(Task):
Print the lines of the entries below from the one with "sydney_melman Altpins Profile Picture" through the final line, exactly as they appear. The pictures are not part of the copy.

[Records provided Boundary: Start]

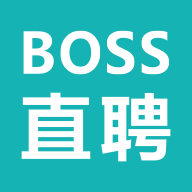 boss直聘免费版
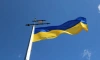 Военный эксперт рассказал, что будет, если РФ нападает на Украину по "плану Саакашвили"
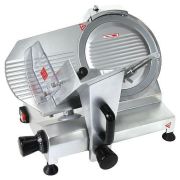 Слайсер EKSI HBS-250A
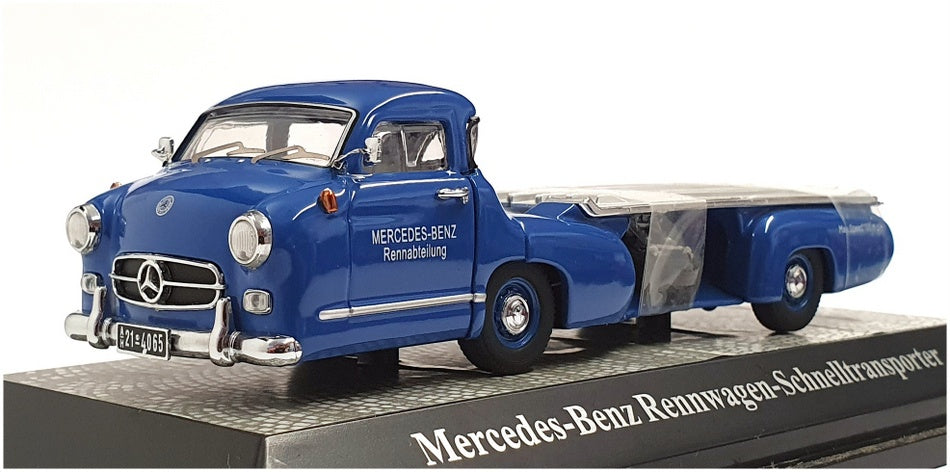 premium classixxs 1：43 British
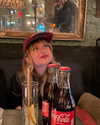 sydney_melman Altpins Profile Picture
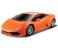 Maisto Tech 81227 Remote Control 1:24 Motosounds- Lamborghini Huracan LP 610-4 Orange 1 in UAE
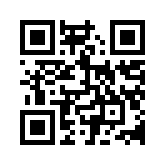 QR-Code https://ppt.cc/9%7Epw
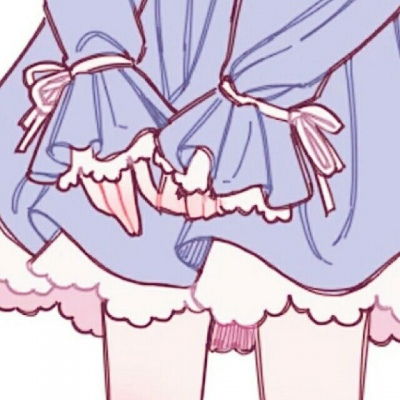  销声匿迹是所有告别里最勇敢的女漫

[Records provided Boundary: End]

(Solution below):
 sydney_melman Altpins Profile Picture
 Maisto Tech 81227 Remote Control 1:24 Motosounds- Lamborghini Huracan LP 610-4 Orange 1 in UAE
 QR-Code https://ppt.cc/9%7Epw
  销声匿迹是所有告别里最勇敢的女漫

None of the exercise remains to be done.